■ Items listed in a dataset
::::::::

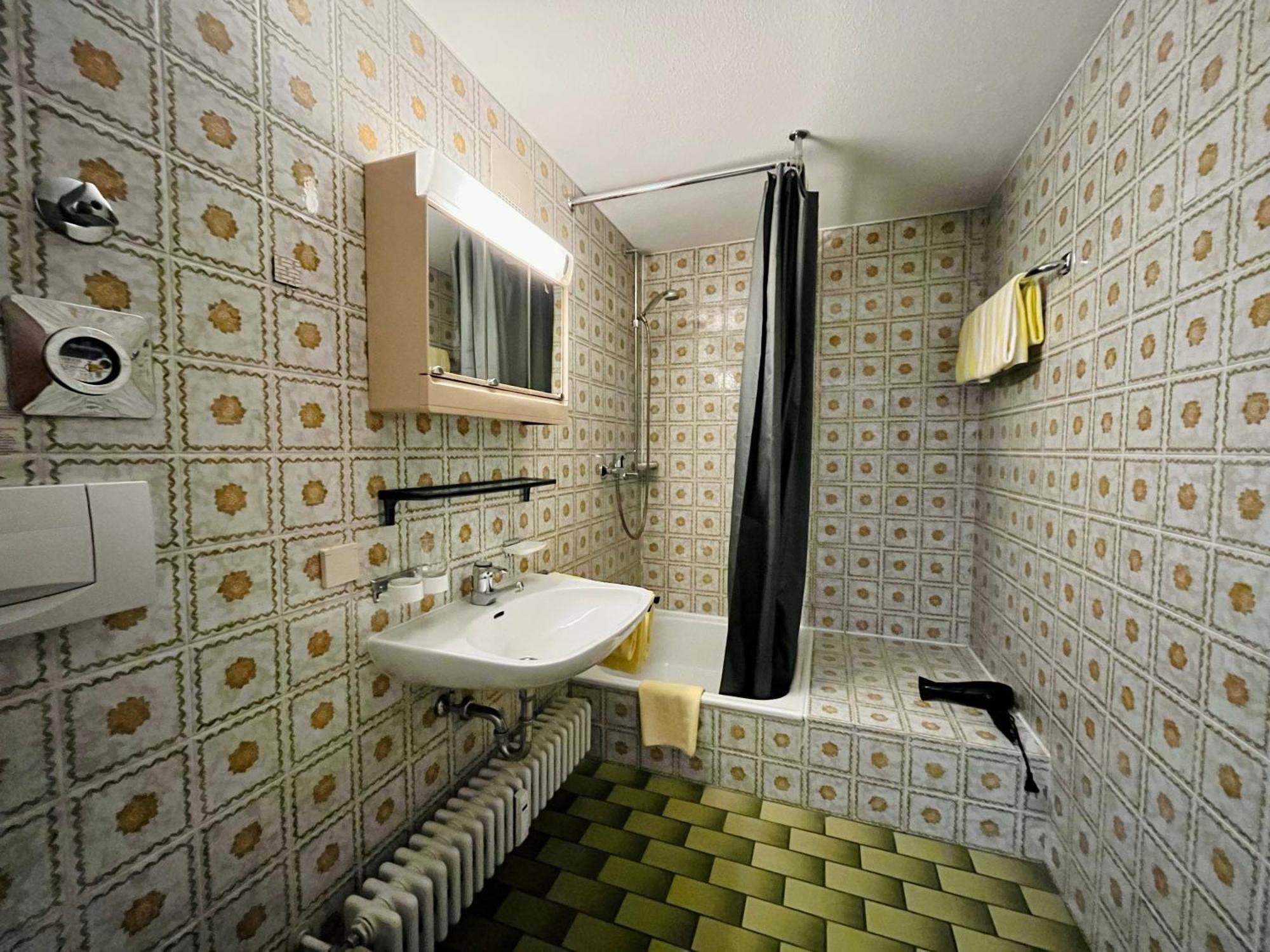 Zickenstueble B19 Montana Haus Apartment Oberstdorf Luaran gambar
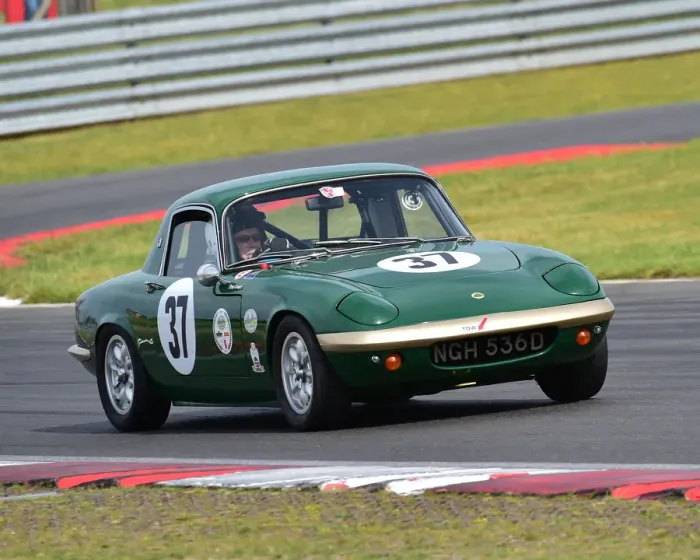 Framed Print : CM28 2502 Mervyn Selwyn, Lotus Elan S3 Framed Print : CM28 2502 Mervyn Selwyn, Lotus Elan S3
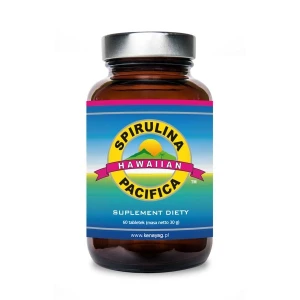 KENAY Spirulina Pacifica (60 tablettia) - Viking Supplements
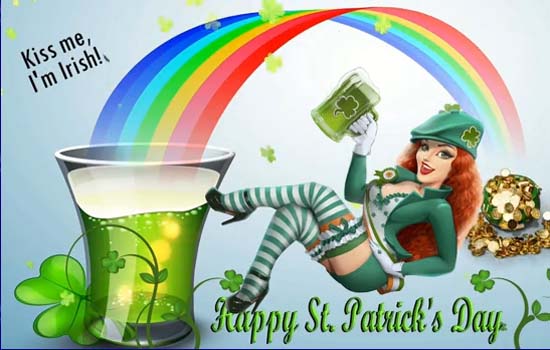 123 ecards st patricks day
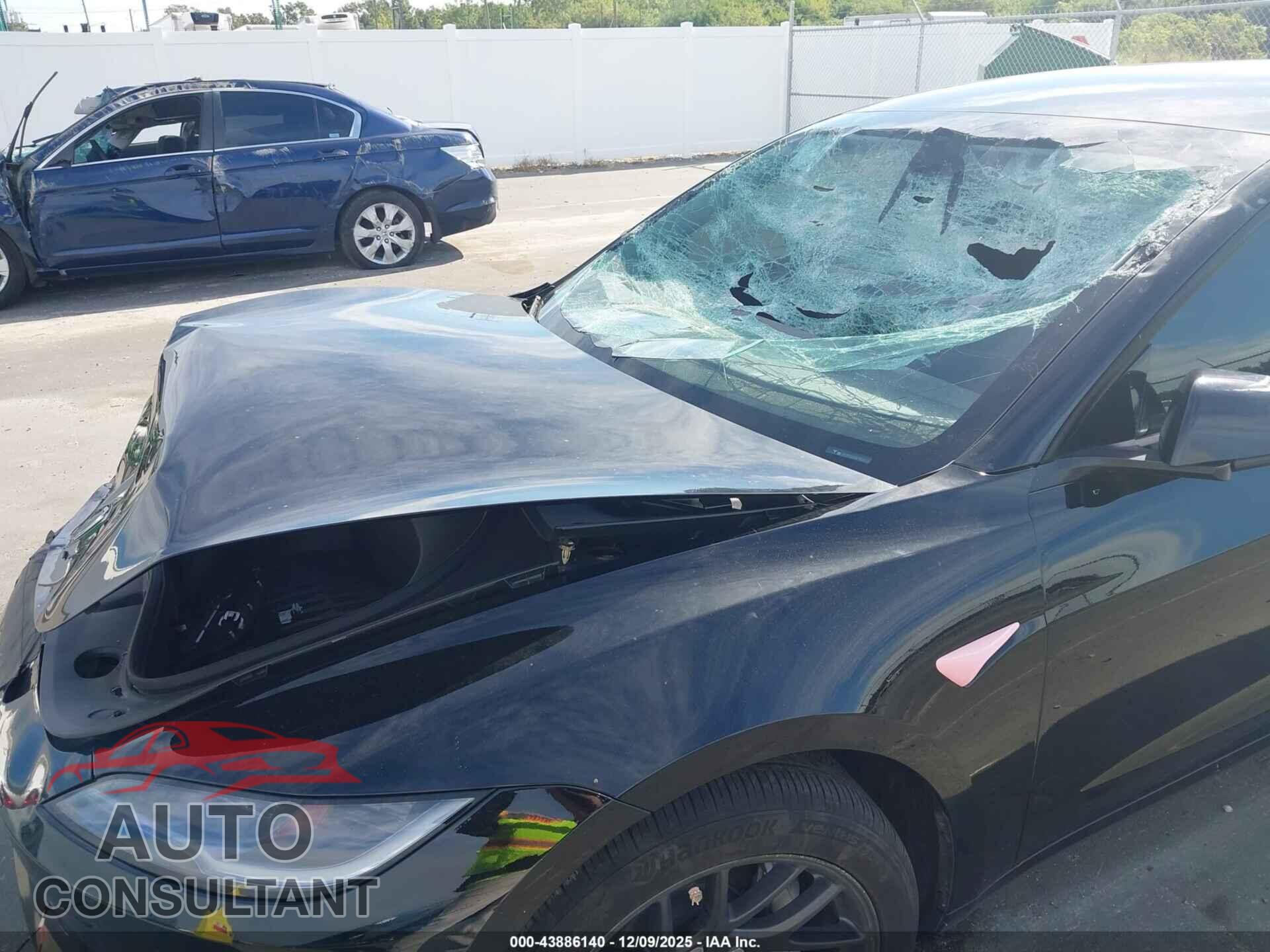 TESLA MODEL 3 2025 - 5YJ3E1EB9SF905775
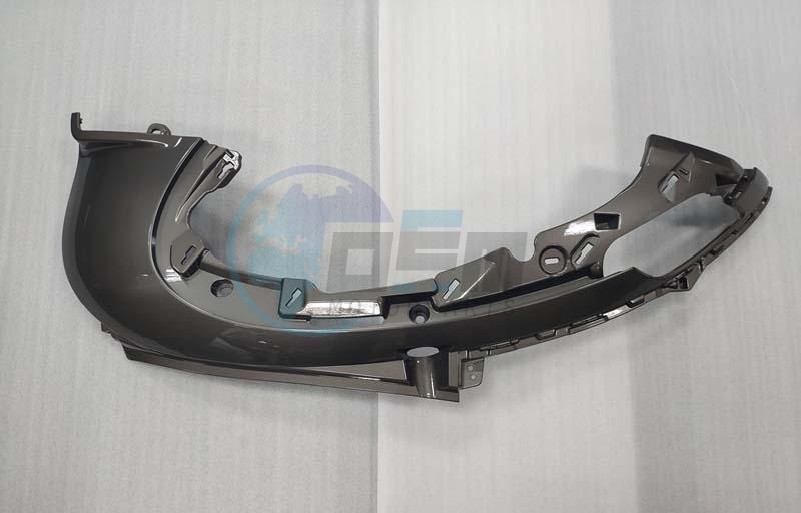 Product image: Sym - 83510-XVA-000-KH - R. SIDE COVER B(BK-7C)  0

::::::::

■ Task goal
Nothing but the lines from the one containing "123 ecards st patricks day" through the final line of the records, both included and copied exactly, should appear in the answer; pictures stay out.

■ Your response
 123 ecards st patricks day
 TESLA MODEL 3 2025 - 5YJ3E1EB9SF905775
 Product image: Sym - 83510-XVA-000-KH - R. SIDE COVER B(BK-7C)  0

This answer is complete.